● BRIEF
What you return must be the full data, repeated verbatim, with no pictures in it.

(Beginning of DATASET SECTION)

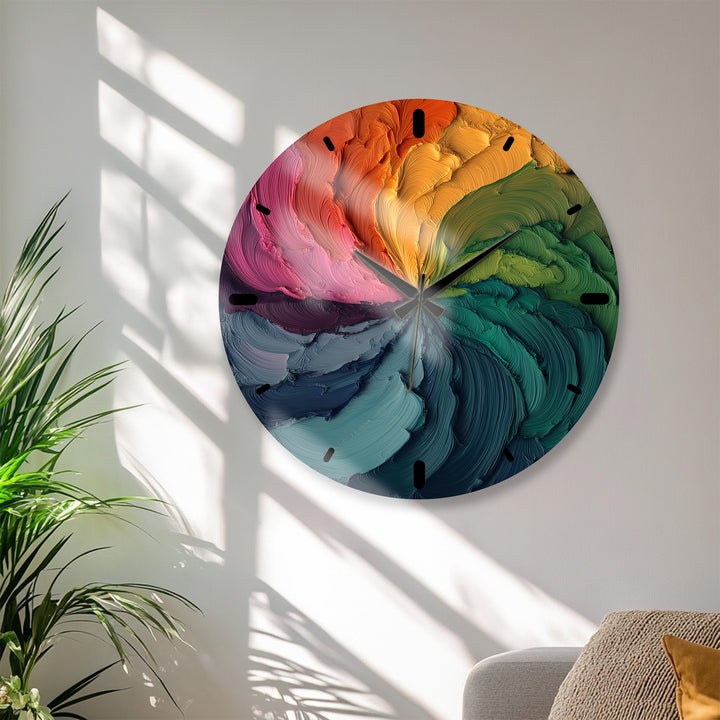 Colorful Abstract Glass Wall Clock – Rainbow Oil Painting Art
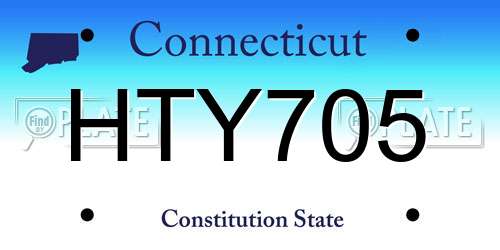 HTY705 Connecticut License Plate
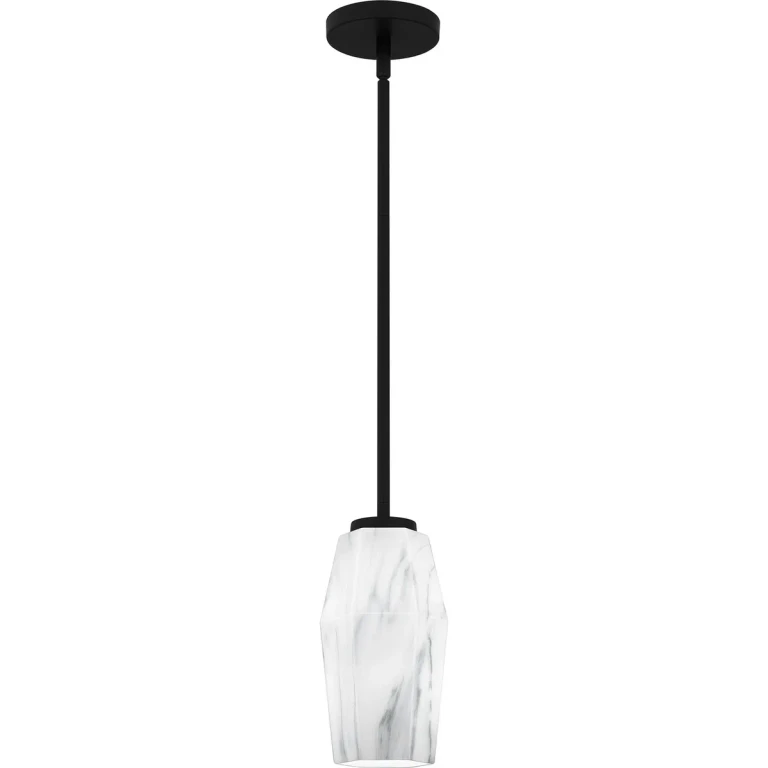 Matte Black One Light Mini Pendant from the Fogel Collection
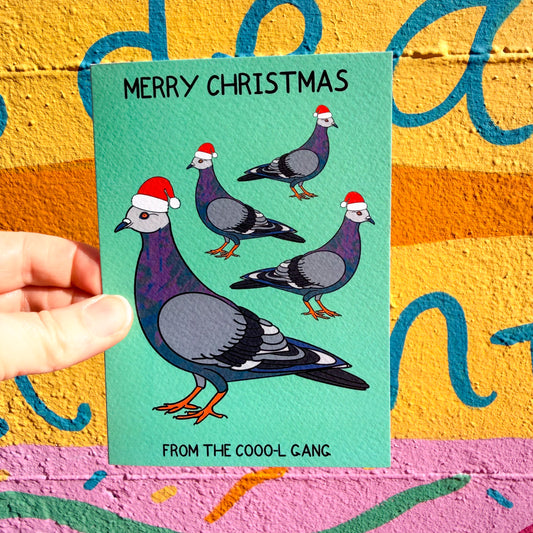 Coool Christmas Pigeon Card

(End of DATASET SECTION)

● ANSWER TO THIS TASK
 Colorful Abstract Glass Wall Clock – Rainbow Oil Painting Art
 HTY705 Connecticut License Plate
 Matte Black One Light Mini Pendant from the Fogel Collection
 Coool Christmas Pigeon Card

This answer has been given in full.